Shapes of objects formed through collisional destruction or coalescence depend on impact conditions (e.g., Jutzi & Asphaug 2015). For example, collisions with impact velocities comparable to the escape velocity result in simple merging. In contrast, collisions with higher impact velocities result in catastrophic destruction, and shapes are determined through the gravitational reaccumulation of fragments. Thus, the relationship between the impact conditions and the resultant shapes clarifies the impact conditions (e.g., impact velocities) that form irregular shapes of asteroids and then gives constraints on the collisional environment (e.g., eccentricity distribution) that forms asteroids.

Collisional lifetimes of asteroids with diameters ≳10 km in the present main belt are estimated to be ~10 Gyr, which is greater than the age of the solar system (O’Brien & Greenberg 2005). Although collisional destruction of asteroids with diameters ≳10 km in the present solar system is rare, destructive collisions are expected to be more frequent in the primordial environment because the formation and migration of Jupiter may significantly deplete asteroids (Bottke et al. 2005; Walsh et al. 2011). Thus, the shapes of large asteroids may preserve those formed in the primordial solar system. In the planet formation era, eccentricities of planetesimals are small around young planets with small masses (e.g., Wetherill & Stewart 1993; Kokubo & Ida 1998; Inaba et al. 2003; Kobayashi & Tanaka 2018), and impact velocities between young asteroids may be < 1 km s⁻¹ because of the absence of large perturbers. Therefore, investigations of shapes formed through impacts with low impact velocities may suggestwhen asteroidal shapes were formed (e.g., prior to or after Jupiter formation).

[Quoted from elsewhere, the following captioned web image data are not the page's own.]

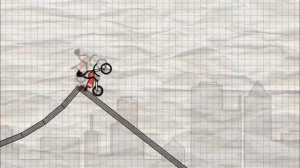 Stick Stunt Biker Gameplay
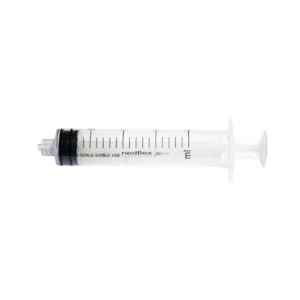 Jeringa 20CC Sin Aguja Nedflex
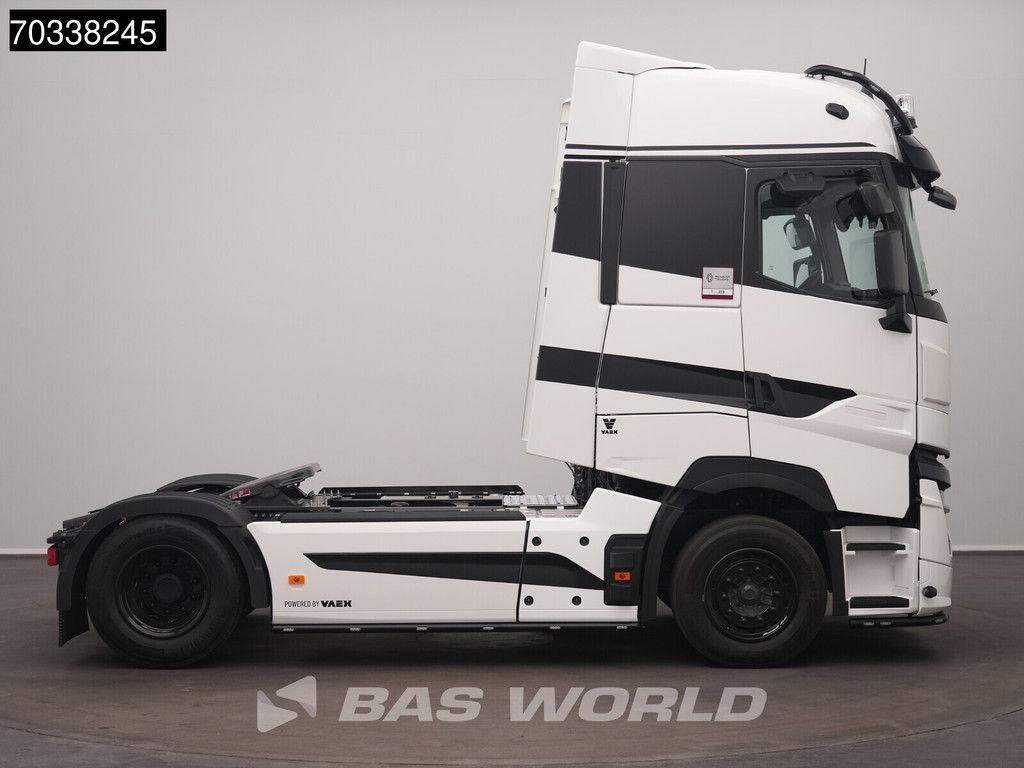 Renault T T 520 4X2 HIGH Retarder 2x Tanks Standklima Navi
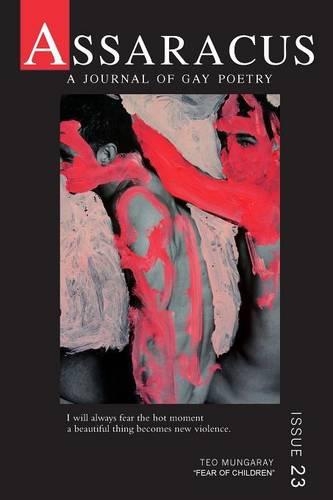 Assaracus Issue 23: A Journal of Gay Poetry(English)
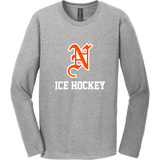 Midd North Hockey Softstyle Long Sleeve T-Shirt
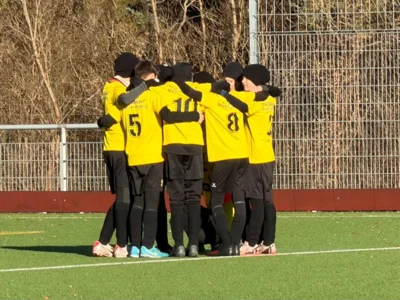#FSVD2 müht sich in Lauchhammer (Bild vergr&ouml;&szlig;ern)
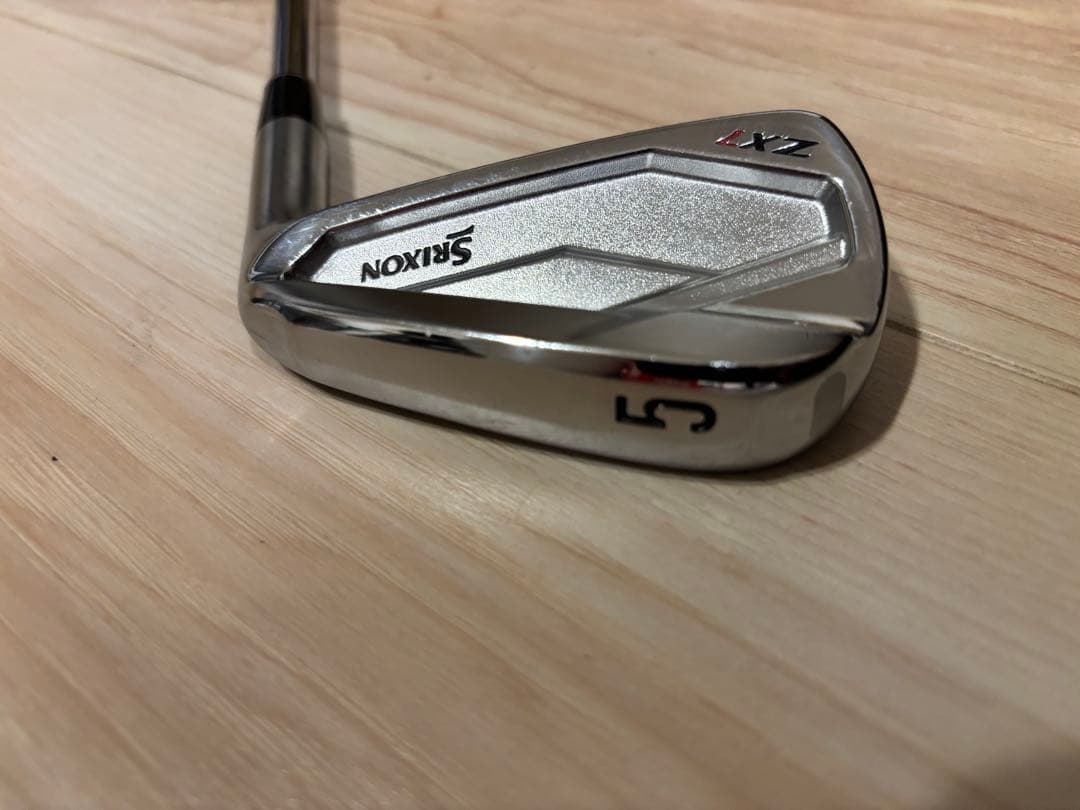 Srixon ZX7 5番アイアン　単品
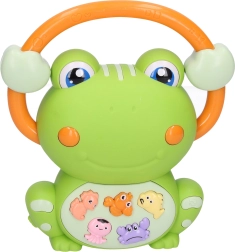 Pianinas Varlė su efektais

In this study, we perform impact simulations to investigate collisional destruction of planetesimals and subsequent gravitational reaccumulation using the SPH method. For impacts with low impact velocities, the collisions that change shapes most efficiently are expected to be equal-mass impacts because impacts with high mass ratios tend to result in partial deformation, such as the formation of craters rather than catastrophic destruction. DAMIT already includes irregular shapes of ~ 200 asteroids with radii of~50 km. Therefore, we consider collisions between two planetesimals each with a radius of 50 km, and we focus on the dependence of resultant shapes on the impact velocity and angle.

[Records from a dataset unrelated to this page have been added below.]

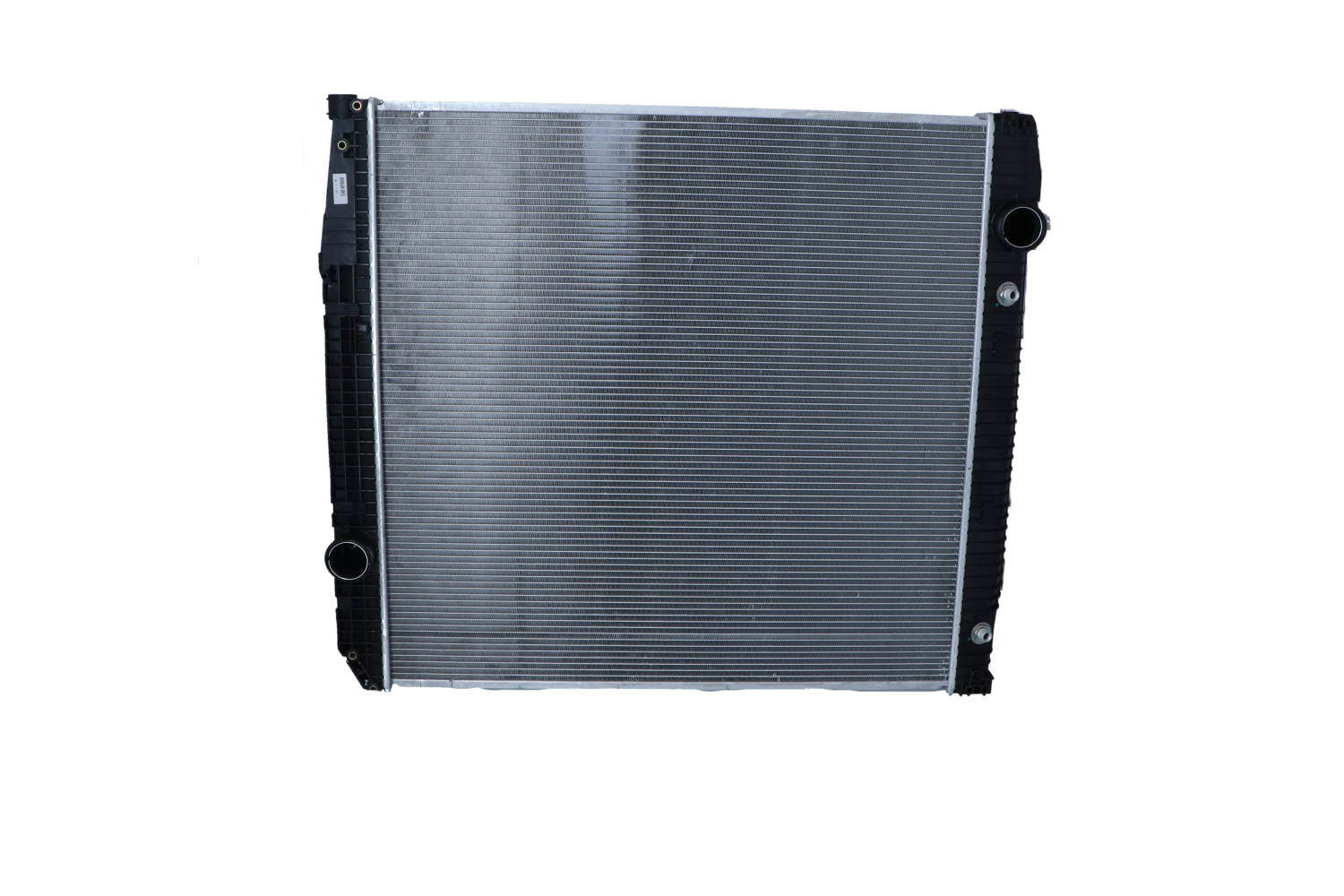Numer OEM A 942 500 09 03 - Chłodnica, układ chłodzenia silnika 509579 MERCEDES-BENZ, JAGUAR, MAN
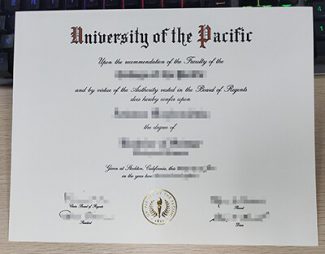 University of the Pacific diploma, University of the Pacific degree, fake University of the Pacific certificate,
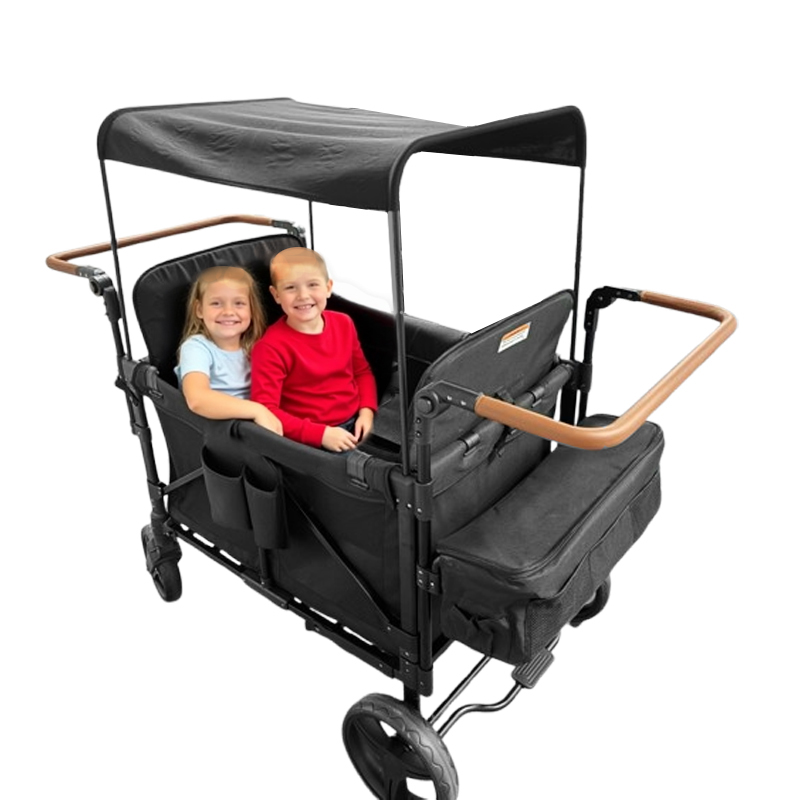 屋外ガーデンビーチトロリー釣り折りたたみキャンプカートワゴン - Outdoor Camping Trolley のレビューと価格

The structure of this paper is as follows. In Sect. 2 we introduce SPH method and models for realistic rocky material. In Sect. 3 we describe initial conditions of impact simulations and the way to analyze results. Detailed results are introduced in Sect. 4, and in Sect. 5 we discuss the physical explanation for our results and application. In Sect. 6 we summarize our findings.

2 Method

2.1 SPH method

To investigate planetesimal collisions, we use the SPH method for elastic dynamics (Libersky & Petschek 1991). The SPH method is a computational fluid dynamics method utilizing Lagrangian particles (Monaghan 1992). In the framework of this method, we represent continuum material such as rock by using a cluster of particles. The motion of each particle is described by the equation of motion. Each particle has physical quantities such as density and internal energy, and these physical quantities are calculated from time evolution equations such as the equation of energy.

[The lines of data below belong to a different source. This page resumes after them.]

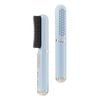 Catzon Portable Cold Air Straightening Comb Brush for Travel-Blue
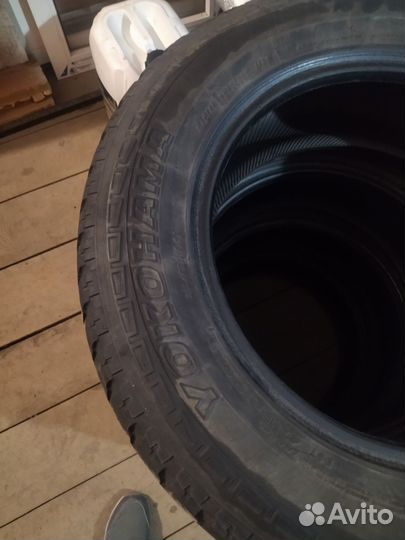 Yokohama Geolandar A/T-S G012 215/65 R16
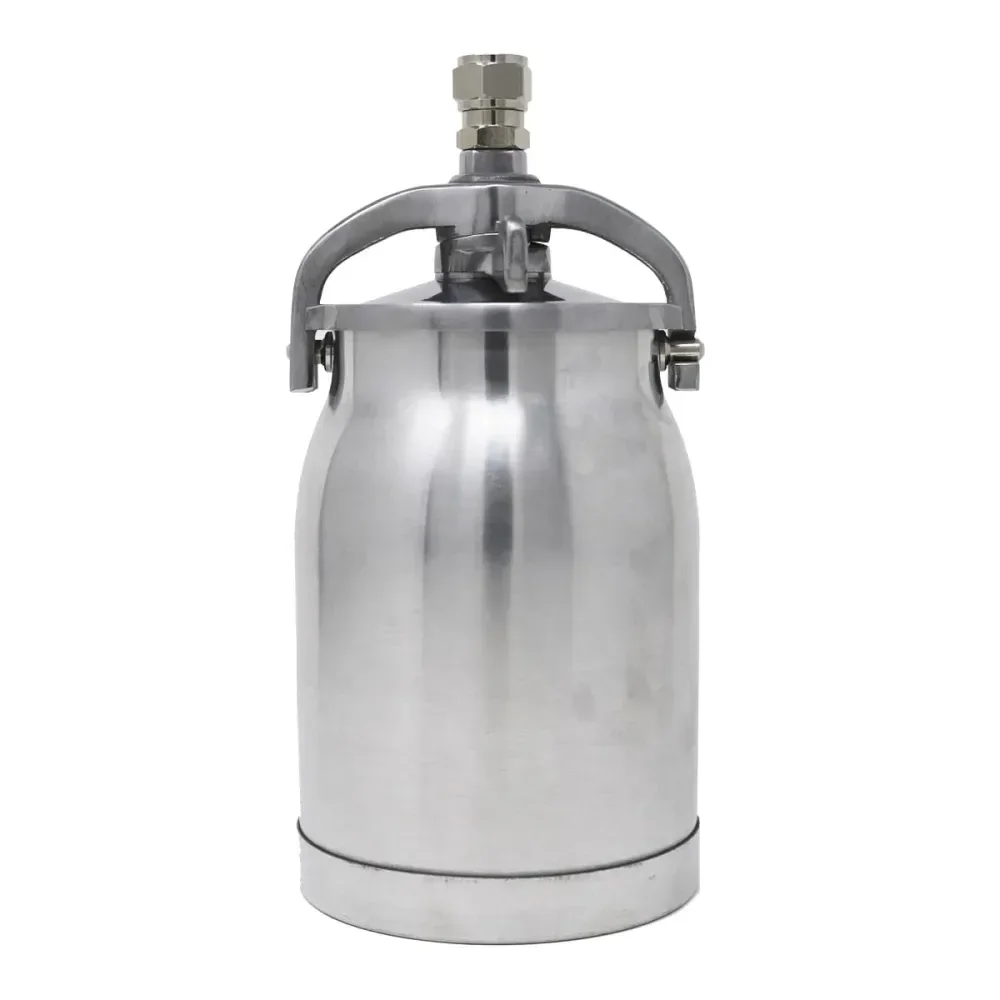 Pistola De Pintura Com Caneca Slg-500S Devilbiss - Imagem 4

In order to treat elastic bodies by the SPH method, we use the following forms of basic equations¹: $$\begin{array}{l}\frac{\text{d}{\rho }_i}{\text{d}t}=-{\sum }_j{m}_j\frac{{\rho }_i}{{\rho }_j}\left(v_j^{\alpha }-v_i^{\alpha }\right)\frac{\partial }{\partial x_i^{\alpha }}W(|x_i-x_j|,h),\\ \frac{\text{d}{v}_i^{\alpha }}{\text{d}t}={\sum }_j{m}_j\left[\frac{{\sigma }_i^{\alpha \beta }}{{\rho }_i^2}+\frac{{\sigma }_j^{\alpha \beta }}{{\rho }_j^2}-{\Pi }_{ij}{\delta }^{\alpha \beta }\right]\frac{\partial }{\partial x_i^{\beta }}W(|x_i-x_j|,h)+{\sum }_j{g}_{ij}^{\alpha },\end{array}$$ $$\begin{array}{l}\frac{\text{d}{u}_i}{\text{d}t}=-{\sum }_j\frac{1}{2}{m}_j\left[\frac{p_i}{{\rho }_i^2}+\frac{p_j}{{\rho }_j^2}+{\Pi }_{ij}\right]\left(v_j^{\alpha }-v_i^{\alpha }\right)\frac{\partial }{\partial x_i^{\alpha }}W(|x_i-x_j|,h)\\ +\text{}{\sum }_j\text{}\frac{1}{2}{m}_j\frac{S_i^{\alpha \beta }}{{\rho }_i{\rho }_j}\left[\left(v_j^{\alpha }-v_i^{\alpha }\right)\frac{\partial }{\partial x_i^{\beta }}+\left(v_j^{\beta }-v_i^{\beta }\right)\frac{\partial }{\partial x_i^{\alpha }}\right]\text{}W(|x_i-x_j|,h).\end{array}$$(3)

Here, m_i is the mass of the ith SPH particle, ρ_i is its density, v_i is its velocity vector, x_i is its position vector, h is a smoothing length, ${\sigma }_i^{\alpha \beta }$ is its stress tensor, u_i is its specific internal energy, p_i is its pressure, $S_i^{\alpha \beta }$ is its deviatoric stress tensor, δ^αβ is the Kronecker delta, W(r, h) is a kernel function, Π_ij is artificial viscosity, and g_ij is the gravity between the ith and jth particles. Superscripts in Greek letters mean a direction or component of a vector or tensor, and subscripts in Roman letters mean the particle number. We apply the summation rule over repeated indices in Greek letters. Using the pressure p_i and the deviatoric stress tensor $S_i^{\alpha \beta }$, the stress tensor ${\sigma }_i^{\alpha \beta }$ is represented as $${\sigma }_i^{\alpha \beta }=-p_i{\delta }^{\alpha \beta }+S_i^{\alpha \beta }.$$(4)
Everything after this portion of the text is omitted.